### About this task
Restate the listing word for word; omit the images.

### Source data
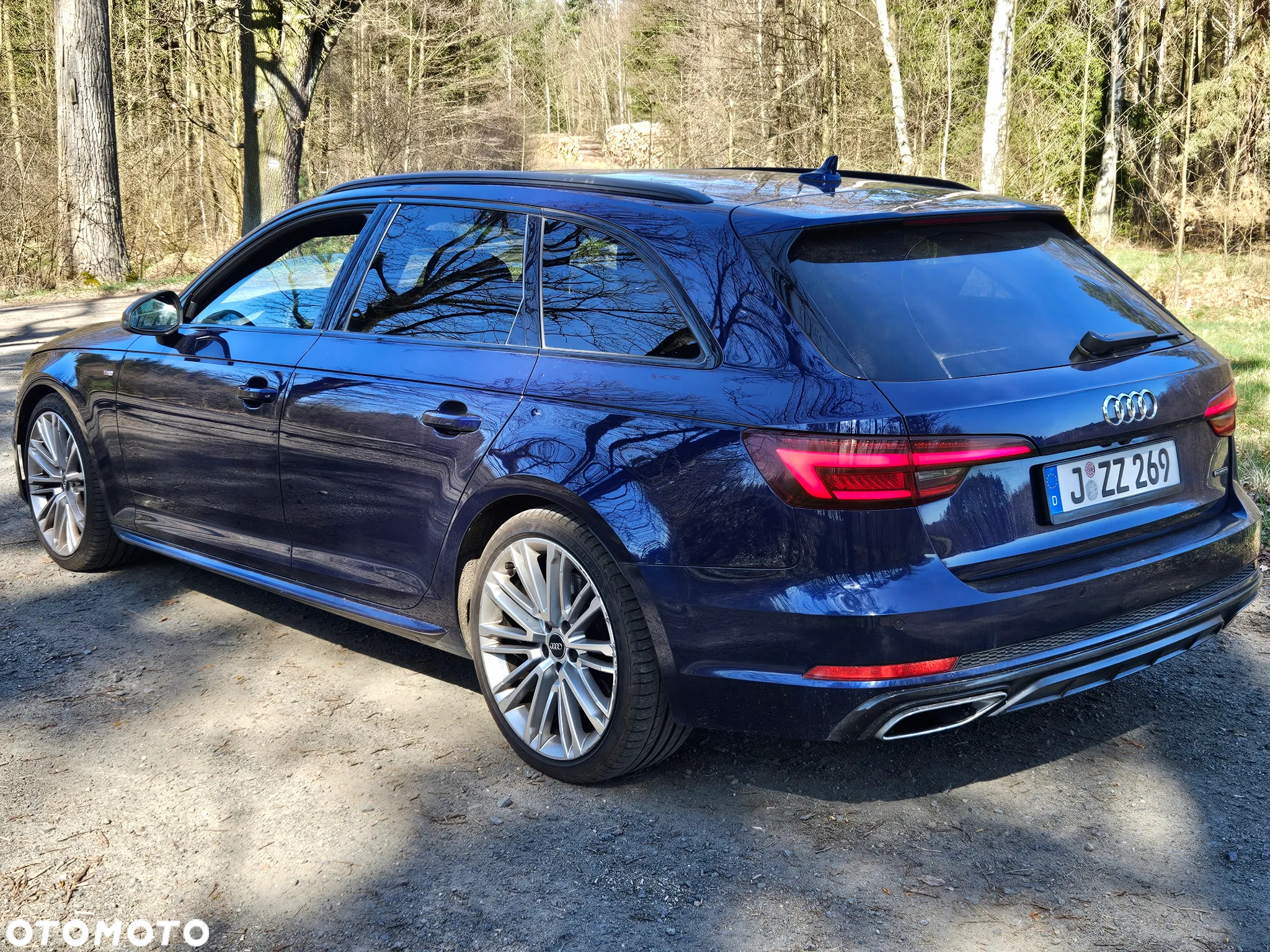 Audi A4 Avant 45 TFSI quattro S tronic S line - 4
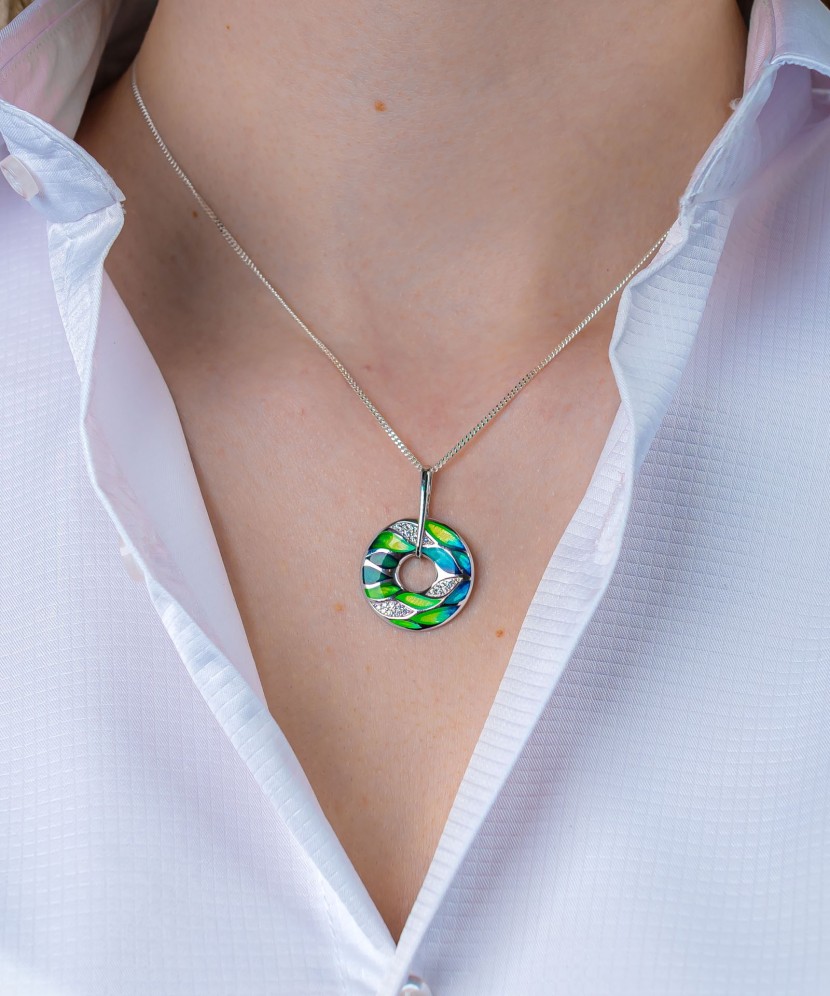 Hõbedast ripats tsirkoonidega ja emailiga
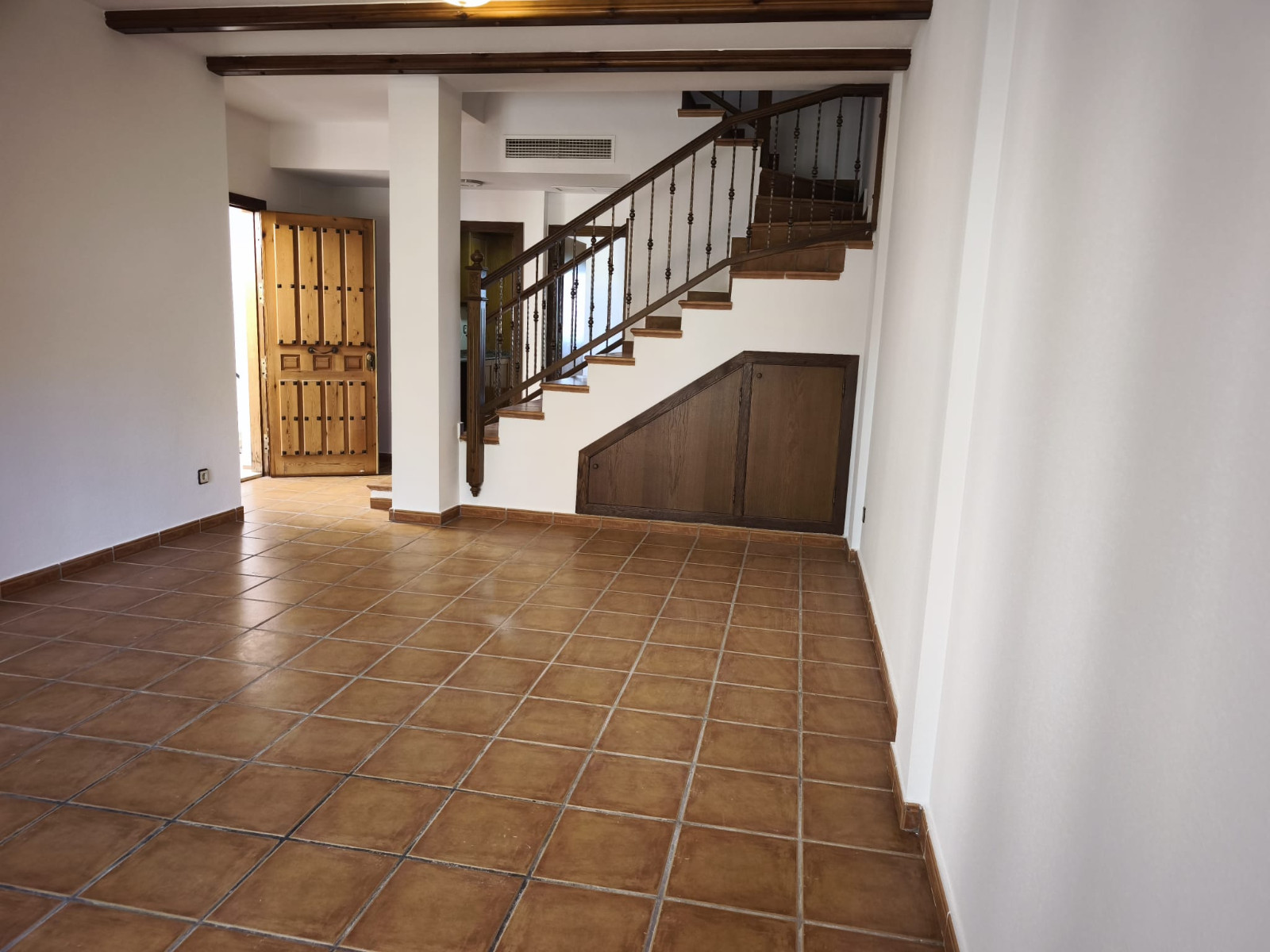 o_1jsu0qmhi1ht568o3udnpg1hi82l Town House in La Finca Golf Resort, Alicante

### Answer box
 Audi A4 Avant 45 TFSI quattro S tronic S line - 4
 Hõbedast ripats tsirkoonidega ja emailiga
 o_1jsu0qmhi1ht568o3udnpg1hi82l Town House in La Finca Golf Resort, Alicante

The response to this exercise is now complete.